Influence of formulation of ZnO nanoblokes containing metallic ions dopants on their cytotoxicity and protective factors: An in vitro study on human skin cells exposed to UVA radiation

Abstract

Application of ZnO nanoparticles in sunscreens exposes human skin with their adverse effects, which correlates to dissolution/translocation of free Zn⁺² ions. The possibility of decreasing solubility and therefore, reducing toxicity, by structural modifications have been discussed as a solution. The present investigation has developed new metallic lattices of ZnO to reduce cytotoxicity of ZnO nanoparticles. Novel metal-promoted Zn-based nanocomposites ([Zn(O)/M], M = Mg, Al, Ca, Ti) were synthesized and their physicochemical properties and their cytotoxicity were evaluated. Solubility and release studies showed that modification of ZnO structure decreases release of Zn⁺² into culture medium. XRD and UV absorbance analyses showed that metallic-dopants percolate into crystalline lattice of ZnO. This phenomenon is basic reason for stability of Zn-based network. Cell culture studies and MTT assay on human skin cells (HFF-1) exposed to UVA radiation showed that the level of protection of [Zn(O)/M] compounds were more than of [ZnO]. Dichlorofluoroscein diacetate-ROS assay and Zn⁺² release experiments indicated that [Zn(O)/M] nanocomposites decreased the level of ROS generation and Zn⁺² release in compared to ZnO, indicating higher safety of nanocomposites. This study shows that the synthesized Zn-based nanocomposites have potential to be used as safer and more effective sunscreens than ZnO.

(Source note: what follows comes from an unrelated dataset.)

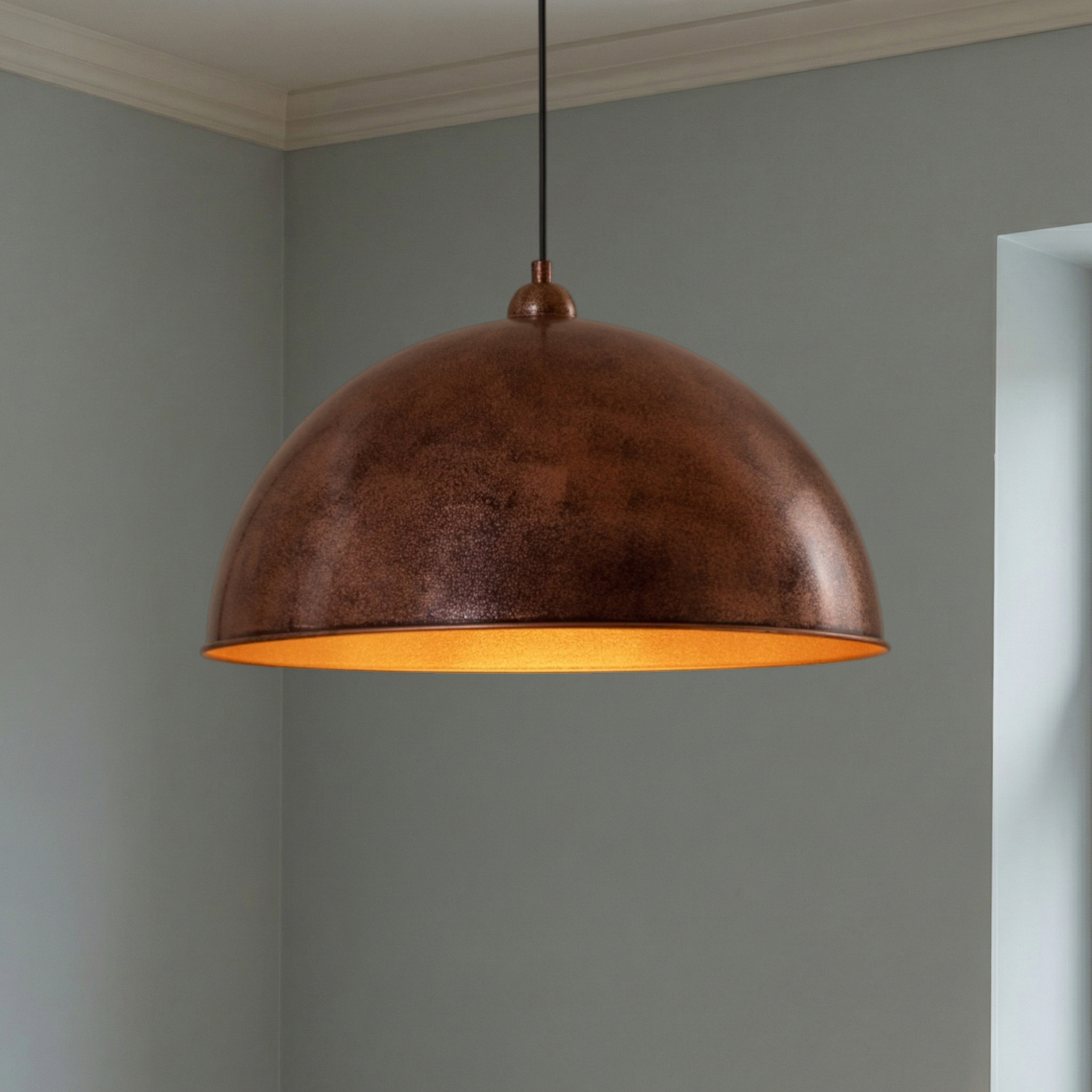 Casimir hengelampe, brent kobber, Ø 50 cm, metall, E27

Keywords: Cytotoxicity and protective effects; Human skin cells; Metal-promoted Zn-based nanocomposite; Safe ZnO nanoparticles; UVA radiation.

Graphical abstract

Fig. 1

XRD patterns of the (a) F1T ([ZnO]), (b) F2T ([Zn(O)/Mg]), (c) F3T ([Zn(O)/Al]), (d) F4T ([Zn(O)/Ca]), and (e) F5T ([Zn(O)/Ti]). The circles in (c) and (d) show aluminum oxide and calcium oxide, respectively.

Fig. 2

SEM and TEM images of the (a) F2T ([Zn(O)/Mg]), (b) F3T ([Zn(O)/Al]), (c) F4T ([Zn(O)/Ca]), and (d) F5T ([Zn(O)/Ti]).

Fig. 3

Sample particle size distribution of the (a) F1T ([ZnO]), (b) F2T ([Zn(O)/Mg]), (c) F3T ([Zn(O)/Al]), (d) F4T ([Zn(O)/Ca]), (e) and F5T ([Zn(O)/Ti]) in culture medium.

Fig. 4

FT-IR spectra of the (a) F2T ([Zn(O)/Mg]), (b) F3T ([Zn(O)/Al]), (c) F4T ([Zn(O)/Ca]), and (d) F5T ([Zn(O)/Ti]).

Fig. 5

Absorption spectra of F1T, F2T, F3T, F4T, F5T, and commercial ZnO in culture medium.

Fig. 6

Transmittance spectra of F1T, F2T, F3T, F4T, F5T, and commercial ZnO in culture medium.

Fig. 7

(A) Sedimentation and (B) turbidimetric measurements of F1T, F2T, F3T, F4T, and F5T in culture medium and room temperature (mean ± SD, n = 3).

Fig. 8

Cumulative released Zn⁺² profiles of F1T, F2T, F3T, F4T, F5T, and commercial ZnO in culture medium and 37 °C for 48 h (mean ± SD, n = 3).

Fig. 9

Zn⁺² release from F1T, F2T, F3T, F4T, and F5T in the presence of HFF-1 cell over 24 h (a) pure amount and (b) percent (mean ± SD, n = 3).

Fig. 10

Nature-dependent measurements of intracellular ROS production (pure amount and percent) in HFF-1 cells (a) for cells exposed to Zn-based compounds (in compared to untreated control) and (b) for cells exposed to Zn-based compounds and UVA radiation (in compared to untreated control) (mean ± SD, n = 3).

Fig. 11

Nature-dependent cell viability of HFF-1 cells exposed to Zn-based compounds and UVA radiation (mean ± SD, n = 3).